Exercise details: Your answer is the lines below, exactly, from the one that contains "Roerei fluffy en" through the one that contains "9337 Spring Water", both included.

Data in this exercise:

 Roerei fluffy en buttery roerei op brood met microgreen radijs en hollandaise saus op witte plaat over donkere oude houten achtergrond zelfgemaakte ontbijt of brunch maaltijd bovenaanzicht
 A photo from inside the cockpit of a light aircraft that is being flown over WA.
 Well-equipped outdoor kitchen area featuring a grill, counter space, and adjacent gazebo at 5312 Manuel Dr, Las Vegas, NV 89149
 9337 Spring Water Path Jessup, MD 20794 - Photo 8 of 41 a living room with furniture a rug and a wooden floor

==

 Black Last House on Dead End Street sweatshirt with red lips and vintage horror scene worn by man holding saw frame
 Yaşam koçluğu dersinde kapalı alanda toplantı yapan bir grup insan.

==

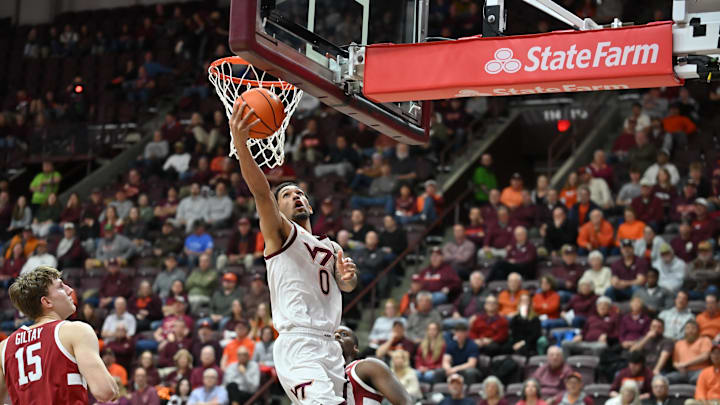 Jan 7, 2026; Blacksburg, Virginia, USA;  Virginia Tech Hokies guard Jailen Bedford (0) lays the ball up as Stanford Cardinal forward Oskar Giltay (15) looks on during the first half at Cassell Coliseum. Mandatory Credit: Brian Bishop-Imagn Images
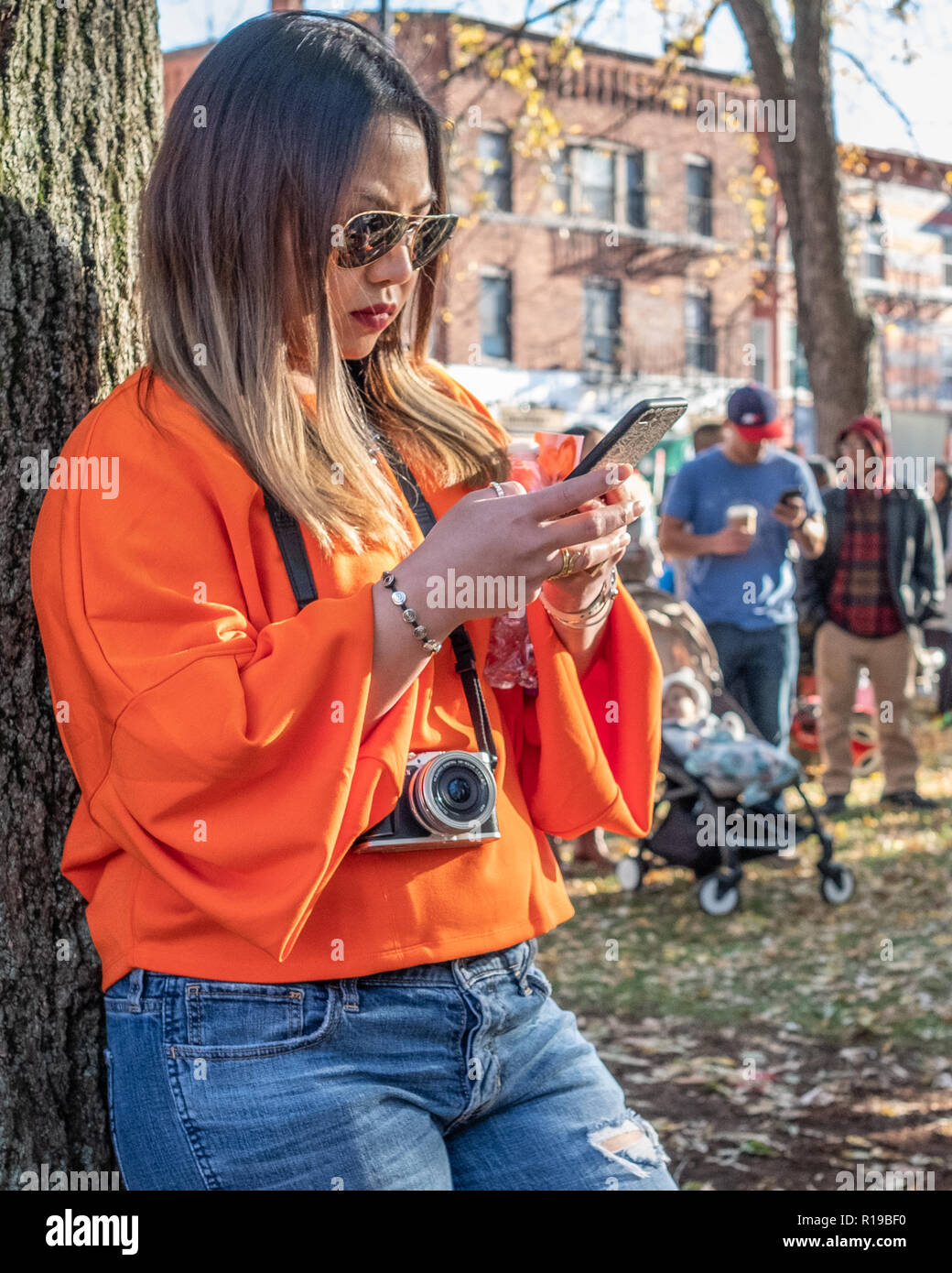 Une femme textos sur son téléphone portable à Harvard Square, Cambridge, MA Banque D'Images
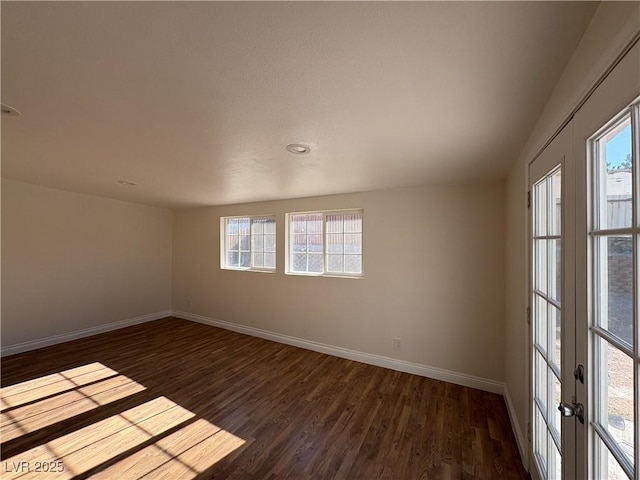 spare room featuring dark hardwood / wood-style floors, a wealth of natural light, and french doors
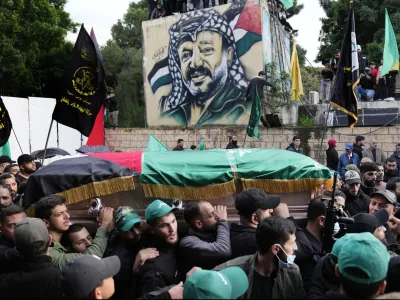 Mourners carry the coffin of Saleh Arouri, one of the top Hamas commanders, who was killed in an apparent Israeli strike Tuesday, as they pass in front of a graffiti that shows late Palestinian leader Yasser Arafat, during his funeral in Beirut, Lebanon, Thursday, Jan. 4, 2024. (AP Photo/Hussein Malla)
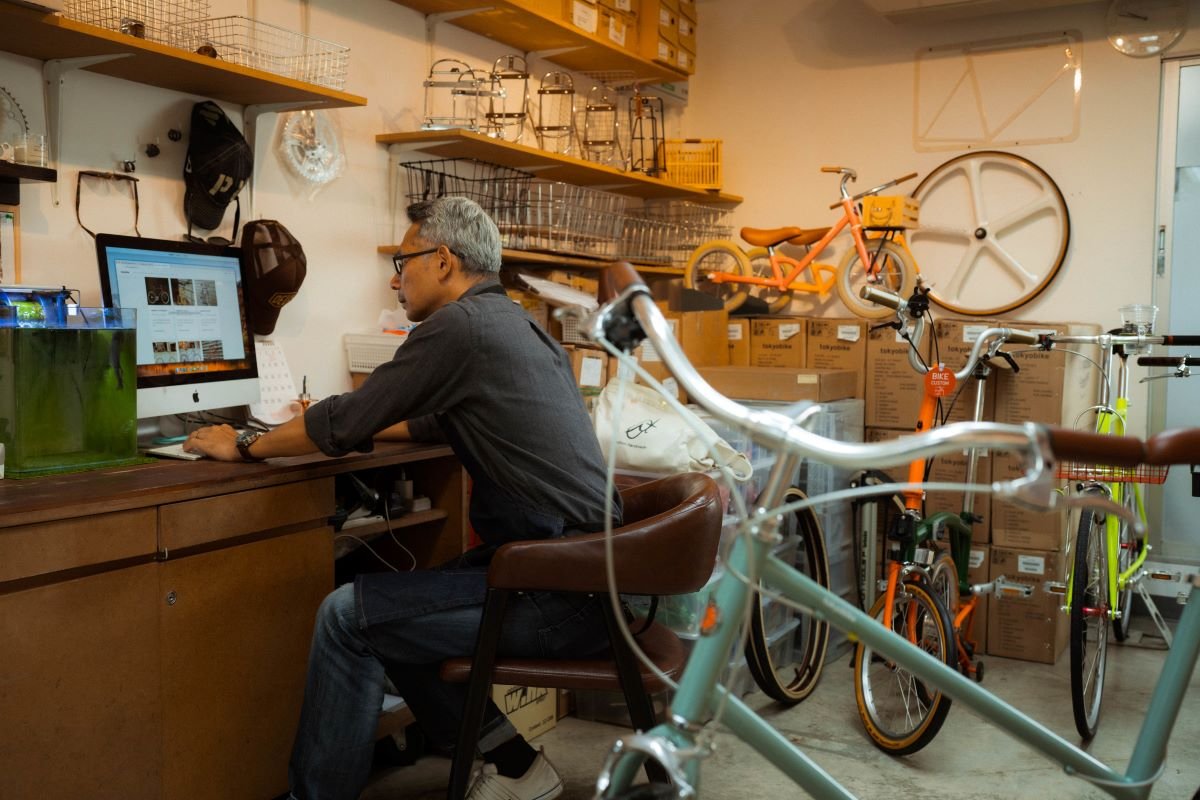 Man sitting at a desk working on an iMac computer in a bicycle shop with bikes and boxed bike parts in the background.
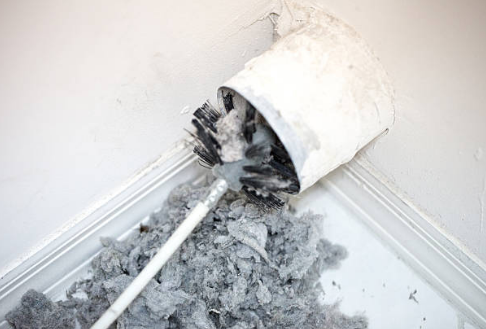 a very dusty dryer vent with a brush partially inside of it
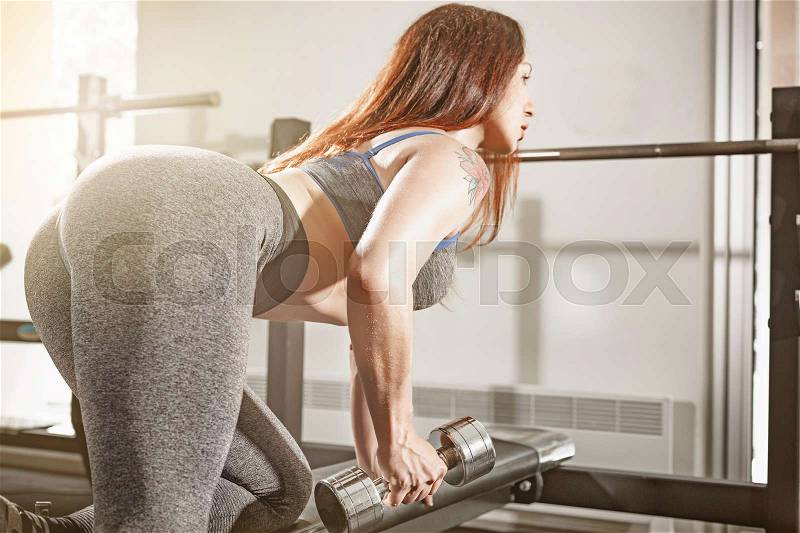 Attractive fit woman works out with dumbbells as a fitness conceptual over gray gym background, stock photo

Exercise solution:
 Roerei fluffy en buttery roerei op brood met microgreen radijs en hollandaise saus op witte plaat over donkere oude houten achtergrond zelfgemaakte ontbijt of brunch maaltijd bovenaanzicht
 A photo from inside the cockpit of a light aircraft that is being flown over WA.
 Well-equipped outdoor kitchen area featuring a grill, counter space, and adjacent gazebo at 5312 Manuel Dr, Las Vegas, NV 89149
 9337 Spring Water Path Jessup, MD 20794 - Photo 8 of 41 a living room with furniture a rug and a wooden floor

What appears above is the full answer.